[MDEV-33219] Optimize handler::binlog_log_row usage Created: 2024-01-10  Updated: 2024-01-31

Status: Stalled
Project: MariaDB Server
Component/s: Data Definition - Alter Table
Fix Version/s: 11.2

Type: Task Priority: Critical
Reporter: Nikita Malyavin Assignee: Nikita Malyavin
Resolution: Unresolved Votes: 0
Labels: online-ddl, performance

Attachments: File binlog_log_row (1).diff    

 Description   

MDEV-16329 adds a little per-row overhead related to the handler::binlog_log_row function.

1. A new function call.
2. what's more important, another double dispatch+branch table->s->online_alter_binlog != 0

A patch binlog_log_row (1).diff has been provided by monty however the impact has been put in doubt.
A few tests have been made to measure the performance impact of the original version and the supposed improvement.

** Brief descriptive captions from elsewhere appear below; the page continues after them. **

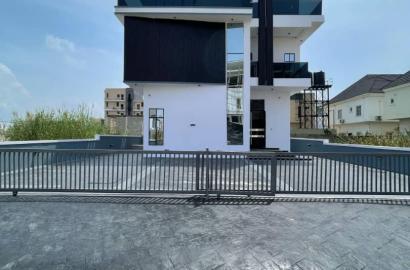 5BEDROOM FULLY DETACHED DUPLEX FOR SALE.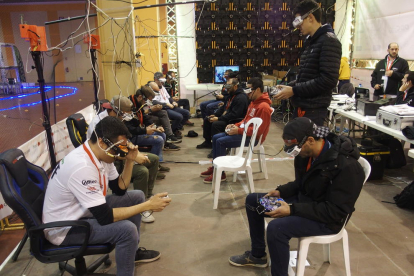 Pilots d’una cursa virtual a la Mollerussa Drone Party.
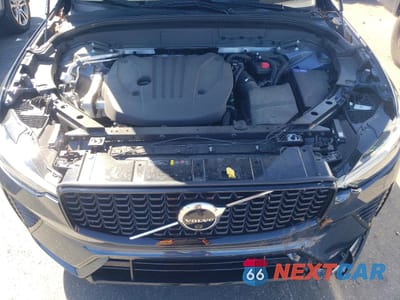Zdjęcie 12 z 13 samochodu: 2023 VOLVO XC60 PLUS VIN:YV4L12RW9P1278118 - miniatura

Build options: gcc 13.2, DBUG=ON, WSREP=OFF, ASAN=0, -O3, -flto, -fuse-ld=mold

Note: rows_changed++ is included into the scope of measurement to avoid the conflicts during patching.

1. time measurement with std::chrono::high_resolution_clock.

commit is compared against the patched version.

Results:
Monty: 15ns avg
Nikita: 20ns avg

Also an approach was made to tune up likely/unlikely, which didn't change the situation.

An assumption is made that 5ns appears because of serialization that could be caused by high_resolution_clock, especially if it was implemented with a system call.

2. clock_gettime

clock_gettime should be implemented through vdso on linux, that is, avoiding any extra synchronization.

Results:
Monty: 15ns avg
Nikita: 20ns avg

The difference is still suspiciuosly big hinting that a syncronization is been made, or a misprediction constantly happens.
Later turned out that clock_gettime is also not helpful when a non-synchronized measurement is had to be made:
https://bert-hubert.blogspot.com/2017/03/on-linux-vdso-and-clockgettime.html
https://btorpey.github.io/blog/2014/02/18/clock-sources-in-linux/

3. rdtsc

In comparison with the rest rdtsc does not make any synchronization.
https://bert-hubert.blogspot.com/2017/03/on-linux-vdso-and-clockgettime.html
https://btorpey.github.io/blog/2014/02/18/clock-sources-in-linux/

commit

Monty: 45 cycles
Nikita: 45 cycles

Now we see that a cost of roughly having an extra if + function call is negligible, unless a synchronization follows.

Note: rdtscp is supposed to be a wrong indicator, exactly since it involves some synchronization. We don't need to know how long the operation takes synchronized, but an actual impact rather, which requires the measurement to be unintrusive.

Does the compiler generate an efficient code?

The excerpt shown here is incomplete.